Since new sales of passenger cars and commercial vehicles (CV) have moderated, prospects for companies with exposure to other segments of the auto industry or those present in other segments tend to be brighter.
One such company is Wheels India, a leading supplier of steel wheels for on-road and off-road vehicles. Although the company derives about 50 per cent of its revenues from the sale of steel wheels for CV and cars, it is a leading supplier of wheels for tractors and mining vehicles too.
Besides, it has diversified into making air suspension systems for buses, trucks and trailers, which unlike wheels have a higher service and replacement market. It also makes steel structural components for power plants.
Together, these currently bring in about 5-7 per cent of the revenues. At the current market price of Rs 314, the stock trades at a PE of just nine times its trailing 12-month earnings.
Despite the moderation witnessed in the domestic auto volumes, the company has put up a good second quarter performance.
For the three months ended September 2011, net sales have grown by 19 per cent to Rs 496 crore and net profits have more than doubled to about Rs 11 crore, over the same quarter last year.
A healthy outlook for tractor sales (60 per cent market share in tractor wheel supplies) and a robust export demand for mining wheels imply that the company will continue to show strong growth. This makes a good case for investment in the Wheels India stock.
With 34 clients globally and supplying to markets such as Japan, Korea, North America, Europe, Brazil, China and Indonesia, the company has been a beneficiary of the strong demand for large mining trucks witnessed in these export markets.

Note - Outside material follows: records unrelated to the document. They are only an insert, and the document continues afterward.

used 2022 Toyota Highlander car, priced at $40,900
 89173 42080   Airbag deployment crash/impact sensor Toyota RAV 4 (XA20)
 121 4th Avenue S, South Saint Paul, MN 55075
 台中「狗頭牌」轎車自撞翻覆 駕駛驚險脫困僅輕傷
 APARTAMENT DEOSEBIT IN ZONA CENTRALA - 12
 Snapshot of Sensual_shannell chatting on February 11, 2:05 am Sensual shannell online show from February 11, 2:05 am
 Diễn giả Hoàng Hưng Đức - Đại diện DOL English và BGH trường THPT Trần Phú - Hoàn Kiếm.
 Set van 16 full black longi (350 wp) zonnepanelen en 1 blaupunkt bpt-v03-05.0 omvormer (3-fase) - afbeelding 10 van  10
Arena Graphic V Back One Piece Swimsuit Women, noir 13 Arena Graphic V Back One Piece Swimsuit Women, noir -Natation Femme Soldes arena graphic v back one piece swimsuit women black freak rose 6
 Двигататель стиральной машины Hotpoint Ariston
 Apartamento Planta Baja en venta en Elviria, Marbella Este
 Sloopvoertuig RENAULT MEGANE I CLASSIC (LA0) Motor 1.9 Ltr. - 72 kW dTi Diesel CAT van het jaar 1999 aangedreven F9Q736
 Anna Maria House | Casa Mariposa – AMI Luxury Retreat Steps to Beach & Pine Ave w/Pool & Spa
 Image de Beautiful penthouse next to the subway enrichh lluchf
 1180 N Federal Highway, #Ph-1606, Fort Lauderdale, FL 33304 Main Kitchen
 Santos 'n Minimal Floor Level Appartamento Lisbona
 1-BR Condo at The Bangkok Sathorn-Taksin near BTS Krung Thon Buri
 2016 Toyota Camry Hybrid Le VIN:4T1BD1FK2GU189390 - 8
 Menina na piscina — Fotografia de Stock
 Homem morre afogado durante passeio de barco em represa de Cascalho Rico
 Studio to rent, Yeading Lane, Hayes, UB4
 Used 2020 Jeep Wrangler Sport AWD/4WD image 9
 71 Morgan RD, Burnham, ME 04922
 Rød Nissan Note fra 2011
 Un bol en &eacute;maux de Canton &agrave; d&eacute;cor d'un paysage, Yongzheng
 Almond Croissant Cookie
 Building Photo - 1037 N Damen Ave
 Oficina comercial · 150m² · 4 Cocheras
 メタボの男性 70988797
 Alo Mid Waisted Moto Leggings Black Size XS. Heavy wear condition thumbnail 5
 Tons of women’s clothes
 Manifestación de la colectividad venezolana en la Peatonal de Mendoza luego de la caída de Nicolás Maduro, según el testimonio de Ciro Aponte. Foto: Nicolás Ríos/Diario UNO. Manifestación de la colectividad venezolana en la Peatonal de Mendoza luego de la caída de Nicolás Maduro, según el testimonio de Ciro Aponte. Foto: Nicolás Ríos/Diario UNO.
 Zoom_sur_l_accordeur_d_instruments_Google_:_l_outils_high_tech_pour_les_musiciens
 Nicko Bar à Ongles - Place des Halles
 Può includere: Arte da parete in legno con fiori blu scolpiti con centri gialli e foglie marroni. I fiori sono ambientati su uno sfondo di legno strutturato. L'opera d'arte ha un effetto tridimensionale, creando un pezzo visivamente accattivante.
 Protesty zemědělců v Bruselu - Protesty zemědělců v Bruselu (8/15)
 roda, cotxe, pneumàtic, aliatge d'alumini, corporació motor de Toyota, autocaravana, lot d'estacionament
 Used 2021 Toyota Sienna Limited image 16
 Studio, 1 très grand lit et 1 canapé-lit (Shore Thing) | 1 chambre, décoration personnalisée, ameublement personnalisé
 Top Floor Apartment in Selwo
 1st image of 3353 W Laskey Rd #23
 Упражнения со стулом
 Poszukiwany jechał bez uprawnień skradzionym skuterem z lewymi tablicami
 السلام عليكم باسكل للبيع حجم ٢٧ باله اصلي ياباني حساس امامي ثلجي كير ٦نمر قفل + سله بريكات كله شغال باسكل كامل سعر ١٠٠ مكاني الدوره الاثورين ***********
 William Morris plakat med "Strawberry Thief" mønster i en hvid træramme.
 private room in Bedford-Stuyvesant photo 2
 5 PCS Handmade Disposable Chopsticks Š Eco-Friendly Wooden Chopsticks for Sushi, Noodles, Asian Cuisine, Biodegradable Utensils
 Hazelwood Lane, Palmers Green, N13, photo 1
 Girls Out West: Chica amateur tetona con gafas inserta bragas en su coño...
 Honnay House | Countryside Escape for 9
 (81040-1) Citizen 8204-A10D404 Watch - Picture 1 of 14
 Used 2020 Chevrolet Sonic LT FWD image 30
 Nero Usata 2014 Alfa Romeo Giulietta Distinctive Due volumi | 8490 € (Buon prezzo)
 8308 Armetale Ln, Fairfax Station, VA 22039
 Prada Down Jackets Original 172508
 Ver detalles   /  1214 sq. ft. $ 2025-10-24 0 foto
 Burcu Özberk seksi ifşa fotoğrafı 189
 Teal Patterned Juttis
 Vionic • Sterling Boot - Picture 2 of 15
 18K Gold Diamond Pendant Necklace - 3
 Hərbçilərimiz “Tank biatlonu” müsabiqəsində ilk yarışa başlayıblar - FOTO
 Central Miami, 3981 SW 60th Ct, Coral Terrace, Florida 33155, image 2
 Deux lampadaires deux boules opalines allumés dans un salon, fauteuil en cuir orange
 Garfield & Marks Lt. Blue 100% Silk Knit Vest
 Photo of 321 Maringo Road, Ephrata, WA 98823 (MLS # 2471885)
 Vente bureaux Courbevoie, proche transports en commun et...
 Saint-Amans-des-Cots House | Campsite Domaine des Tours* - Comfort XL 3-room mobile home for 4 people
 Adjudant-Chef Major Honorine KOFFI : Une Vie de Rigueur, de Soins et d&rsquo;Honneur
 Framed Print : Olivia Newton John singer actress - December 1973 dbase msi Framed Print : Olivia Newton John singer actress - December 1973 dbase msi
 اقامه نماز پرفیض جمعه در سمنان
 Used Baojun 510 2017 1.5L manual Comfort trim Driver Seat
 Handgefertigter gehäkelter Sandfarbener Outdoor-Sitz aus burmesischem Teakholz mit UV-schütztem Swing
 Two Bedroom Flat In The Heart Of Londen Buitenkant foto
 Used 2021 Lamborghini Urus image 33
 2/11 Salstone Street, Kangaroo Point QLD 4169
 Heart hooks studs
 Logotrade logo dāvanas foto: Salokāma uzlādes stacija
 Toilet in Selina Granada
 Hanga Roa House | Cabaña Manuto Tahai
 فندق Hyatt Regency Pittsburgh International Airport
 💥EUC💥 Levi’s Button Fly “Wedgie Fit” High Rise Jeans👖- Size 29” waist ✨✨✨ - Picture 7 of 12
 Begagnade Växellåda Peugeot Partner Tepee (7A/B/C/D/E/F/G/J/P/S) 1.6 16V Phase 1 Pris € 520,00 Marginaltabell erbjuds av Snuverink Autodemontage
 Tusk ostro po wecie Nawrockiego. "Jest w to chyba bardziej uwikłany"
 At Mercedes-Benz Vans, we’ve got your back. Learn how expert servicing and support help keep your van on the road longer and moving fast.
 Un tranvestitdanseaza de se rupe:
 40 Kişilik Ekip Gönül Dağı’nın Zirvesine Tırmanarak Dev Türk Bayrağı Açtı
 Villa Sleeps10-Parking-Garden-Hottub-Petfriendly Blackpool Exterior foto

Catering mainly to the mining and construction equipment industry abroad, Wheels India derives about 15-20 per cent of revenues from exports. Going forward, based on projections from customers, the company expects exports to continue to drive topline growth in the next 12-18 months.
This market, along with tractors, air suspension systems and power plant parts also brings in superior margins when compared with ‘mass market' products such as CV and passenger car wheels.
While these factors are expected to keep profitability intact in the near term, the company will fire on all cylinders once the domestic auto markets regain momentum.
With the interest rates expected to peak out soon and demand for freight holding up, CV sales will gain traction sooner than later.
Also, the company has been roped in for many of the new passenger car launches and so, volume growth on this front will not be difficult to come by. It has about 45-50 per cent market share in both these segments.